**Work required:**
When you have gone through the records below, state only how many lines include the word "Gift".

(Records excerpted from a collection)
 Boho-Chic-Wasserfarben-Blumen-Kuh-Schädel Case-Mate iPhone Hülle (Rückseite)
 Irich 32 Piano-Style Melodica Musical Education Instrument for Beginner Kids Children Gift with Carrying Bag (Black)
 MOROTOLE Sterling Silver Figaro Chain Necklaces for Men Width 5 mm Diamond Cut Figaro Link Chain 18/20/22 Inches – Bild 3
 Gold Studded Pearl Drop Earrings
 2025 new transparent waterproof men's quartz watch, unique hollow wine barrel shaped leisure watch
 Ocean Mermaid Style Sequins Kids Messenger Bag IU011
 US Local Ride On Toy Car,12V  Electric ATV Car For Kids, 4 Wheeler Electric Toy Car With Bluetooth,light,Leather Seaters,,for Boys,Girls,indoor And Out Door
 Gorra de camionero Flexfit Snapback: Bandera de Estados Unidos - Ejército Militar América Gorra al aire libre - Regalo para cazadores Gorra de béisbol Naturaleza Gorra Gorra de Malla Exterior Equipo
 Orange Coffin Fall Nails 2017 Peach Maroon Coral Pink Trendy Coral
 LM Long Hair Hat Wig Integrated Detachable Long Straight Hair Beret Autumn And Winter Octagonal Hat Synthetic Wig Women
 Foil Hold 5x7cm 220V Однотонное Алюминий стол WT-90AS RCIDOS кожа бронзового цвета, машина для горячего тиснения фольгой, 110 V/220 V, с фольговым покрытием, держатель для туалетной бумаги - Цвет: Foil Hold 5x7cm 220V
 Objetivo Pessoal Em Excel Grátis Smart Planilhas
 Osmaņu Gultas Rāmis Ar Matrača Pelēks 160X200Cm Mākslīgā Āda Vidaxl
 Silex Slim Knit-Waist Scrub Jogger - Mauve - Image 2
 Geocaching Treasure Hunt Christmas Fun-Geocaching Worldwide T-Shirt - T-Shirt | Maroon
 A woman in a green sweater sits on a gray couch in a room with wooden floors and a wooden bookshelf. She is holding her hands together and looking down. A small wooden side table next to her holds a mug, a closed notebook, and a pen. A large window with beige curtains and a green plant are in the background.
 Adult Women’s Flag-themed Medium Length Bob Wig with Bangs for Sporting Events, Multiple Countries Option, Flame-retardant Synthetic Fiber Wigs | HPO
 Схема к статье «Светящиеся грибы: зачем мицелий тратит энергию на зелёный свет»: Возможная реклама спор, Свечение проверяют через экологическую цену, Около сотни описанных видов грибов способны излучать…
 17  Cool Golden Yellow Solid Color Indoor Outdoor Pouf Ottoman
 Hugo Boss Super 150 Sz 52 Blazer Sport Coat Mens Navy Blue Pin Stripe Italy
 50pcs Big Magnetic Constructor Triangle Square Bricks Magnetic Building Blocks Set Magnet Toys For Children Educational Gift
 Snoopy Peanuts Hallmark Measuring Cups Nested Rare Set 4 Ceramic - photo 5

**Exercise solution:**
2